• Problem statement:
Set down the data below word for word, and leave the images aside.

• Source material:
[Start of Attachment]

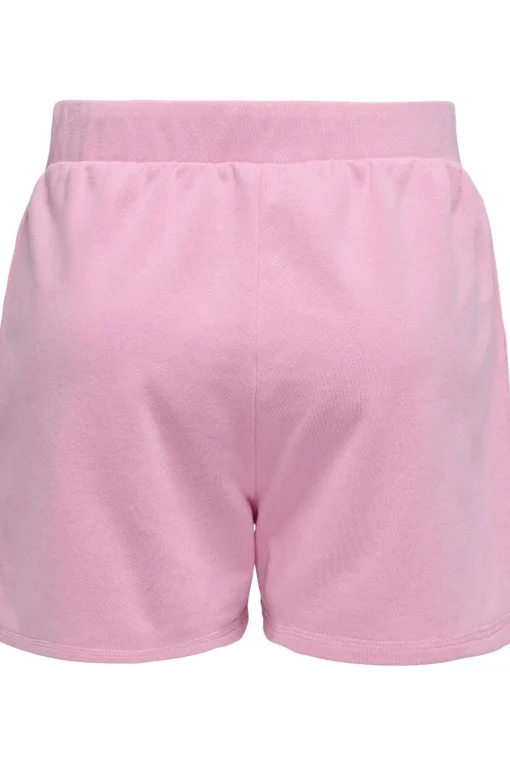 Only Play Sportshort Onppica Hw Swt Shorts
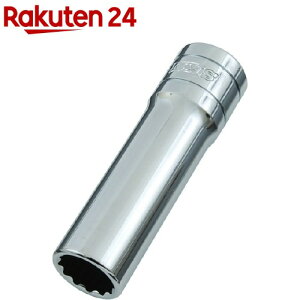 SK11 fB[v\Pbg 12.7mm S4D-14(1)ySK11z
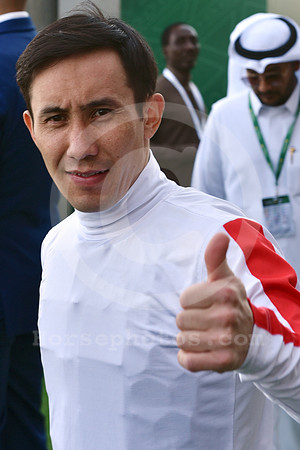 Bauyrzhan Murzabayev06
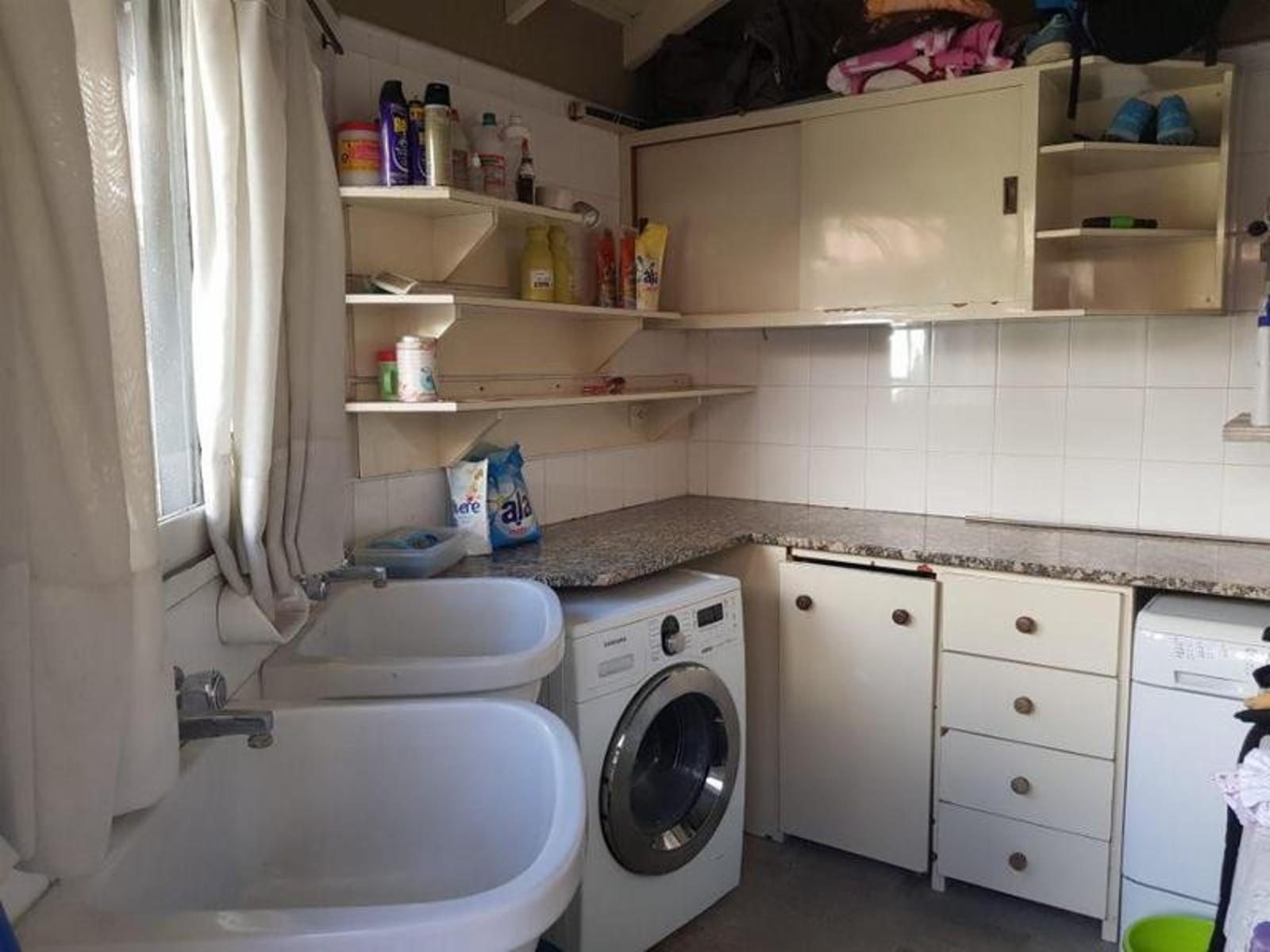 Lucio Vicente Lopez 658 · Lomas De Zamora — foto 9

[End of Attachment]

• Answer section:
 Only Play Sportshort Onppica Hw Swt Shorts
 SK11 fB[v\Pbg 12.7mm S4D-14(1)ySK11z
 Bauyrzhan Murzabayev06
 Lucio Vicente Lopez 658 · Lomas De Zamora — foto 9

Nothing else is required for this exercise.